The story of the twelve slave girls hanged on the one rope like the birds on a wire...: (as described in "Rereading Ancient Slavery" - the original story after the Homer's Odyssey): The most poignant and most socially instructive display of violence against slaves within the Homer's Odyssey is however perpetrated against those who are considered to have transgressed incontrovertibly. The climax to the punishments meted out in the epic is the mass execution of the twelve ‘disloyal’ slave-girls whom Eurycleia identifies in book 22:
‘ … Of these there are twelve in all who have trodden the path of shamelessness, heeding neither me nor the queen herself. As for Telemachus, he had only begun to grow towards manhood, and his mother would not let him assume command over these women.'
The girls’ disdain for the authority of Eurycleia and Penelope (Telemachus is here exempted on the ground of his youth) is coupled with the sexual transgressions constituted by their liaisons with the suitors. As Odysseus’ property, the right of sexual access to them belonged to him. By bestowing sexual favours on the suitors, therefore, they were effectively stealing from Odysseus what was rightfully his. (...) The slave girls become models for the undesirable slave, in particular the undesirable female slave. (...)
' ... Then Telemachus addressed his helpers: ‘Never let it be said that sluts like these had a clean death from me. They have heaped up outrage on me and my mother; they have been the suitors’ concubines.’ So he spoke, and stretched a ship’s cable between a tall pillar and the round-house, fastening it high up so that no woman’s feet could touch the ground. Just as long-winged thrushes or just as doves, on their way to roost, strike against a snare set in a thicket and find their death in what should have been their sleeping-place, so with their heads in a single line the women’s necks were all caught and noosed, to make them die the most piteous death. For a little while their feet kept writhing, but not for long. (22.465-72).'
It has been suggested that Telemachus’ use of hanging symbolically serves to close the slave-girls’ genitals, an interpretation which draws upon the close association of mouth and genitals in Greek medical texts.

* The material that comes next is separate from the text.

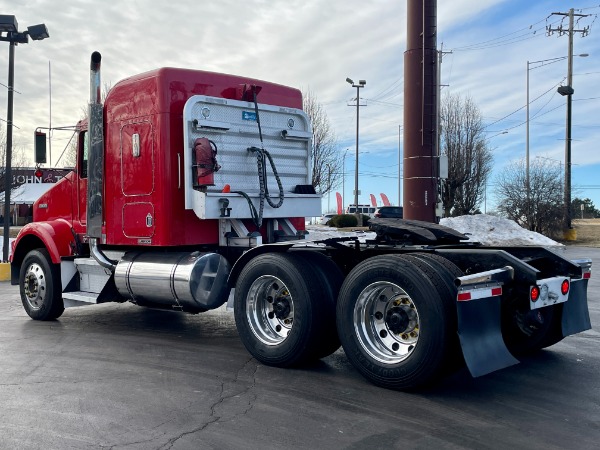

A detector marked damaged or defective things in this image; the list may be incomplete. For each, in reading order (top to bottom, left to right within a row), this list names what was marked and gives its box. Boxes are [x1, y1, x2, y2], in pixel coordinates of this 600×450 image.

rusty metal pole [404, 0, 440, 221]
cracked pavement [1, 248, 600, 448]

In tragedy, hanging seems more widely associated with young women than older ones, and with women rather than men. Dying by the sword could perhaps be seen as more dignified, ‘masculine’ and even honourable, certainly less humiliating than Telemachus’ idea of a mass hanging on a makeshift collective noose.
It is no surprise that as a slave-owner Odysseus wishes to exact a punishment for the perceived misdemeanours of his household slaves, even though he uses what to a modern audience may seem to be extreme violence.